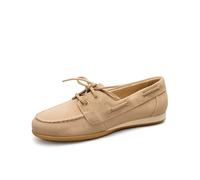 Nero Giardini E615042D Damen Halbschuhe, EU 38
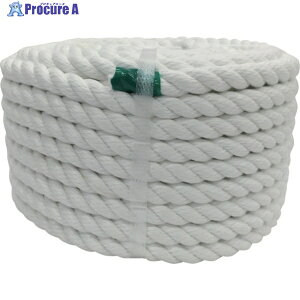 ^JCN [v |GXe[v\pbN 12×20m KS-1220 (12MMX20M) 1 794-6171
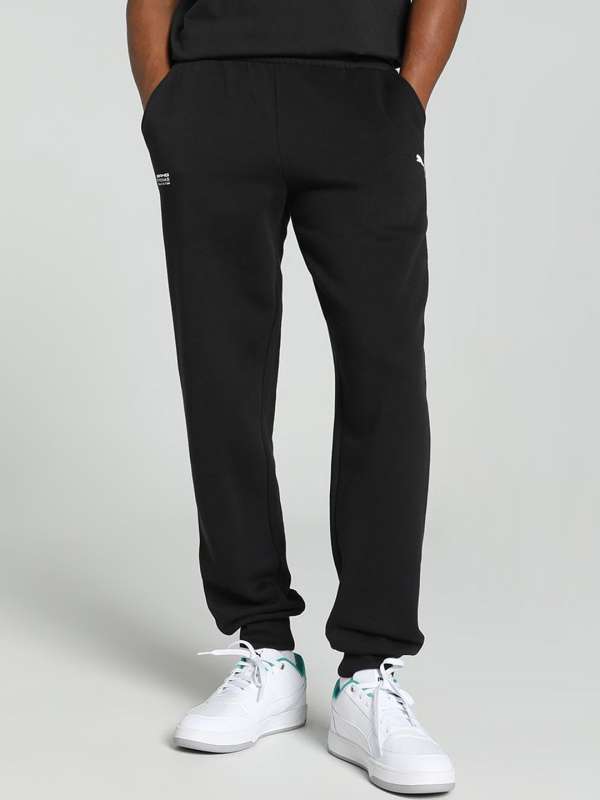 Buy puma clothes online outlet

...

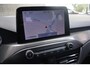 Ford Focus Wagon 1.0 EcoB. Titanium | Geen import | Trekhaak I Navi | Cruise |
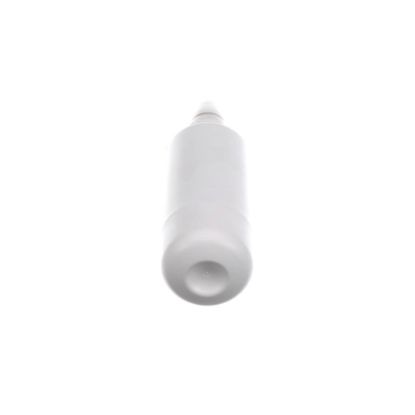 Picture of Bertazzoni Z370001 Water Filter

▶ [Required action]: What is needed is an exact copy of only the lines above from the one with "Nero Giardini E615042D" to the one with "Buy puma clothes online outlet", both kept, with every picture left out.

▶ [Result of the task]:
 Nero Giardini E615042D Damen Halbschuhe, EU 38
 ^JCN [v |GXe[v\pbN 12×20m KS-1220 (12MMX20M) 1 794-6171
 Buy puma clothes online outlet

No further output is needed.